Work item:
If a line in the listing below contains "with", return that line.

Dataset:
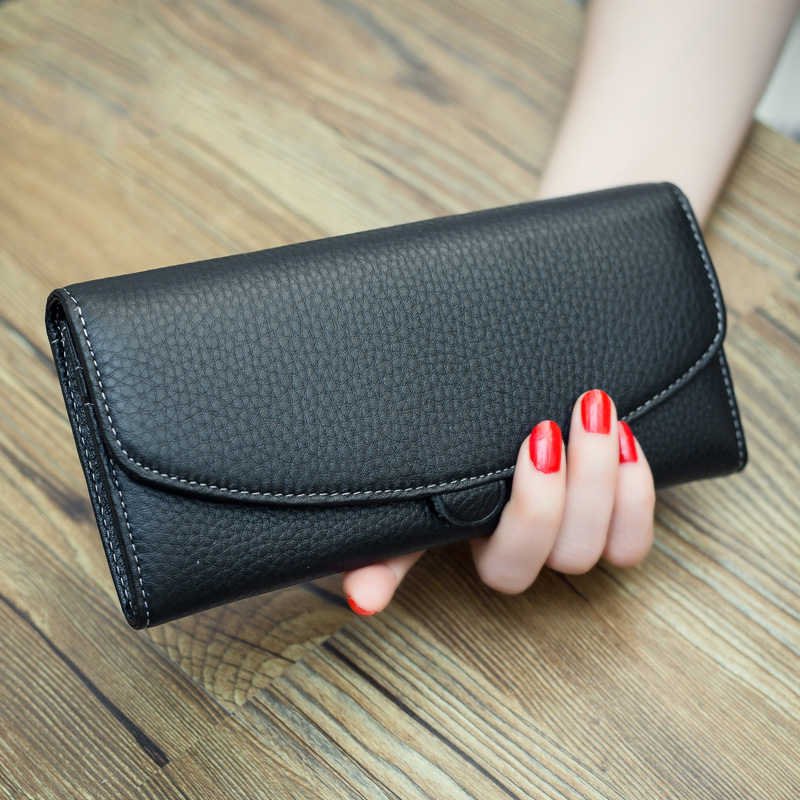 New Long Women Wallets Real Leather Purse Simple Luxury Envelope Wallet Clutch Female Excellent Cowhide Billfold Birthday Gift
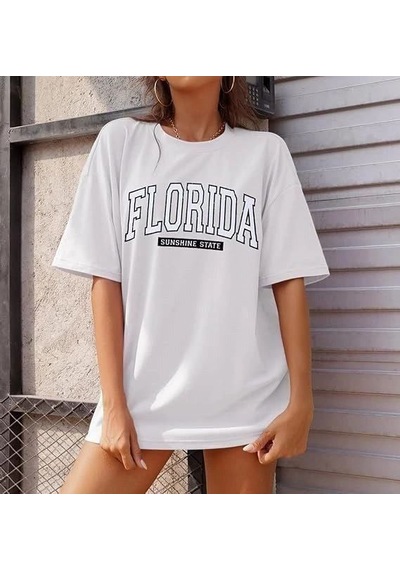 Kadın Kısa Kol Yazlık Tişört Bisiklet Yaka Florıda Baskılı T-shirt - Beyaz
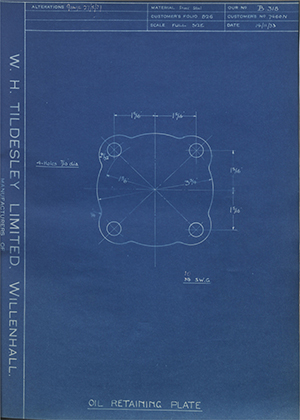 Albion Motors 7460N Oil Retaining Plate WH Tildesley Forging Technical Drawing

---

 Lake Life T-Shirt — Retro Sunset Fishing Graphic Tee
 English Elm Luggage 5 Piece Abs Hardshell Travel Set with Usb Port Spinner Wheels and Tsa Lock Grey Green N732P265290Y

==

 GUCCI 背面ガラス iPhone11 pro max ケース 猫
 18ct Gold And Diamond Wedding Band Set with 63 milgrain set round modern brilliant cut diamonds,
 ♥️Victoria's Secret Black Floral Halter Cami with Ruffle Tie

Response below:
 English Elm Luggage 5 Piece Abs Hardshell Travel Set with Usb Port Spinner Wheels and Tsa Lock Grey Green N732P265290Y
 18ct Gold And Diamond Wedding Band Set with 63 milgrain set round modern brilliant cut diamonds,
 ♥️Victoria's Secret Black Floral Halter Cami with Ruffle Tie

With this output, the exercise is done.